August 17, 201311 yr Also, nobody seems to tie together the demise of the 3 Sisters and Short Vine. There were at one time at least 3,000 people living in the 3 sisters dorms, and those all disappeared in the early 2000s. Turner and Schneider might have 1,000 students between them.
August 17, 201311 yr I lived in Stratford Heights for one year. (This was was before UC purchased Stratford Heights and essentially made them into dorms.) Stratford Heights only had one kitchen per building, and there were a ton of problems with people eating each other's food, using each other's pans, not cleaning up, etc. The next step up from there was the University Park Apartments, which I believe had one kitchen per suite of 4 people. So this new UC dorm is on par or better than that. It is interesting that we don't really know UC's long term plan for housing. It is still a mystery what they plan to do with the other Sister. They also announced plans to renovate Siddall and Calhoun Halls several years ago but later cancelled them. They will probably make a decision, after their experience renovating Morgens Hall, whether it makes more sense to renovate the other three towers or demolish them and build something new.

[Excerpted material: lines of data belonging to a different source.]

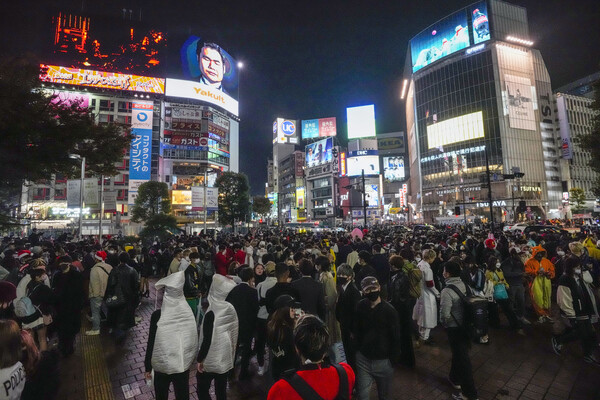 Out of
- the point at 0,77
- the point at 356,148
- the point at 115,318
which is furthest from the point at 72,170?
the point at 356,148

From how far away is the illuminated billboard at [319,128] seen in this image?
9762 centimetres

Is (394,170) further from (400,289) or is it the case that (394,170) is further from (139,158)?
(400,289)

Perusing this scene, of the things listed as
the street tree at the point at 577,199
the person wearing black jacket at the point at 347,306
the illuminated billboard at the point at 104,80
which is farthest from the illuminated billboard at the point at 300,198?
the person wearing black jacket at the point at 347,306

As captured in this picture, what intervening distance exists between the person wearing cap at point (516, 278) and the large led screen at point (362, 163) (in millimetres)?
81127

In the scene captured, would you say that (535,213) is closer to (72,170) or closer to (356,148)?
(356,148)

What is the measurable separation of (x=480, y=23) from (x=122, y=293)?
9072 cm

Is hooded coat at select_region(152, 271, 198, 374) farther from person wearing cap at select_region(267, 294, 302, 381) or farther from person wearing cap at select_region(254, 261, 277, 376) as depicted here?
person wearing cap at select_region(254, 261, 277, 376)

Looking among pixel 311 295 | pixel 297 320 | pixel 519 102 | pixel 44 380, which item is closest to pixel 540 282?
pixel 311 295

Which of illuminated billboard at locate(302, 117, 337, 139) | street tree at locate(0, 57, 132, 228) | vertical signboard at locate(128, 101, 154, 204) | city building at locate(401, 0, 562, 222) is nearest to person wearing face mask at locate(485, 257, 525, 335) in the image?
street tree at locate(0, 57, 132, 228)

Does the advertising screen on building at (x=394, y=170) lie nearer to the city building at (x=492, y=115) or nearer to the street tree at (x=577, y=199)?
the city building at (x=492, y=115)

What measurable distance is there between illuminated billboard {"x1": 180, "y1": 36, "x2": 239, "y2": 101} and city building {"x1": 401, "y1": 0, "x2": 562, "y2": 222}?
2255 inches

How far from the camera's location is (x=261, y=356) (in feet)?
17.9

August 18, 201311 yr I am a bit stunned by the inclusion of full kitchens in these rooms -- they will probably be under-used and/or abused. How do you abuse a dorm kitchen? Make pot brownies?
August 18, 201311 yr Let's see...people pass out and the food they were cooking catches on fire, somebody yacks in the sink while blacked out, etc., etc. When I lived in the dorms (not at UC), I remember you had to pay $75 extra for a mini-fridge in your room. The guys around the corner from me sat theirs on its side, opened the door, and used it as a coffee table and ash tray for the entire year. They had an inch of ash in that thing by the spring. I know I sound like an old-timer here but when I lived in the dorms in 1996, there was one bathroom per floor, one pay phone per floor (no phones in the rooms), no cable television in the rooms, no internet, no air conditioning. On one floor a corner dorm room had been turned into "the lounge", but there was no TV, it was just 2 or 3 couches and people would sometimes go in there to work on projects. On the floor above, there was the "weight room", which again was an unused dorm room, and consisted of one piece of old nautilus equipment, a chin-up bar installed in the corner, a mirror, and assorted free weights. In the lobby we had a ping pong table on a staircase landing and one or two vending machines. That was it.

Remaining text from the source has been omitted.